Sin embargo, la célebre teoría de los dos demonios a menudo abandona los papers sobre Seguridad Nacional donde anida y repta en el discurso de algún que otro procesista en extinción, afirmando que sí, que hubo una guerra, y que por lo tanto, lo hecho, bien hecho estuvo.

El inconcluso proceso judicial no permitió cerrar la tragedia en el ámbito de los tribunales y la herida sigue abierta en la sociedad y es más profunda de lo que se cree. Sin embargo, no es menos cierto que los máximos responsables –de ambas veredas – fueron condenados socialmente por los excesos cometidos. Mientras que para muchos esto no es suficiente, para otros lo más importante es alcanzar la pacificación definitiva. Los primeros no se conformarán hasta ver debidamente castigados a los autores de la masacre y tienen derecho a ello, pero muchos otros, debido a los padecimientos sufridos, prefieren olvidar y simplemente quieren vivir en paz sin fantasmas del doloroso pasado.

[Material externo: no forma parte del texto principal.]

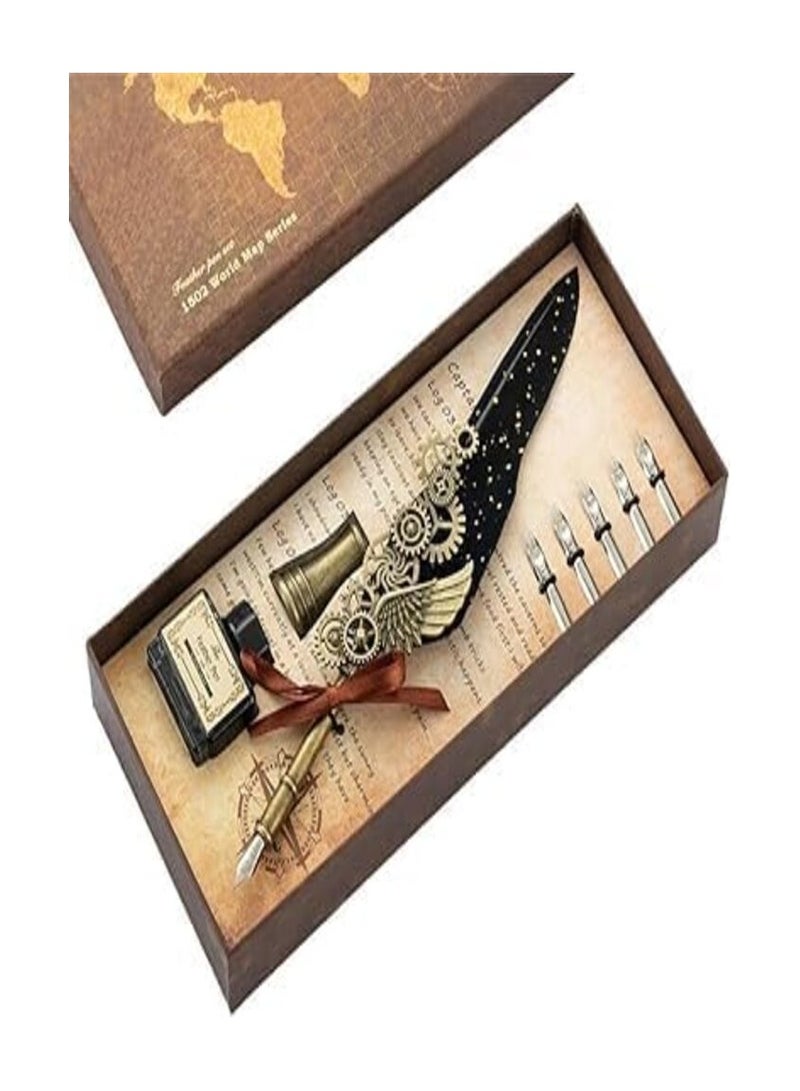 Vintage Carving Quill Pen Set Stylish Quill Pen for Writing, Drawing, Signature, Decor Calligraphy Pen Nib Pen Holder Base Multicolor Set of 1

Aunque indeleble, en la sociedad argentina quedó una delgada línea divisoria entre quienes tuvieron alguna participación en aquellos días fatídicos y quienes sólo fueron meros espectadores y después se llenaron de asombro al tomar conocimiento de lo que ocurría casi en sus narices. Tal vez esta “falla” en la estructura social sea menos explícita que la de España, tras la guerra civil, o la que dejó el holocausto en el cuerpo de la humanidad, pero de tanto en tanto emerge y amenaza en convertirse en una insondable fosa marina.

De allí que no sea nada sencillo para quien tiene en sus manos la conducción de los asuntos públicos tomar parte en esta delicada cuestión y decidir la mejor actitud al respecto: si estimular la memoria colectiva y profundizar la revisión del pasado o dejar que el tiempo haga su obra y cure las heridas. Como se verá, ninguna de las dos actitudes posibles puede ser livianamente descalificada a priori y ambas son respetables. Tal vez entenderlo así sea el principio de la definitiva reconciliación de los argentinos.

La deuda externa El grueso de la voluminosa deuda externa argentina se acumuló durante los ‘80 y los ‘90. La del ‘80, conocida como la década perdida por sus escuetos resultados, fue una década “plana” en todos los aspectos, un ricorsi de la historia. Se caracterizó por la agresiva oleada de capitales especulativos que inundó los países dependientes y dio nacimiento a una forma superior y más sofisticada de dominación: la del capital financiero internacional. A los pocos años este flujo se cortó y se invirtieron los papeles: ahora los países centrales reclamaban a los famélicos deudores el pago de la suculenta deuda. En Wall Street se acuñaba un nuevo eufemismo para designar a las víctimas de la rapacidad, en adelante no se hablaría de países dependientes ni subdesarrollados: ahora se les llamará “economías emergentes” a secas. Mientras, el mundo socialista se tambaleaba al compás del derrumbe inexorable de la Unión Soviética.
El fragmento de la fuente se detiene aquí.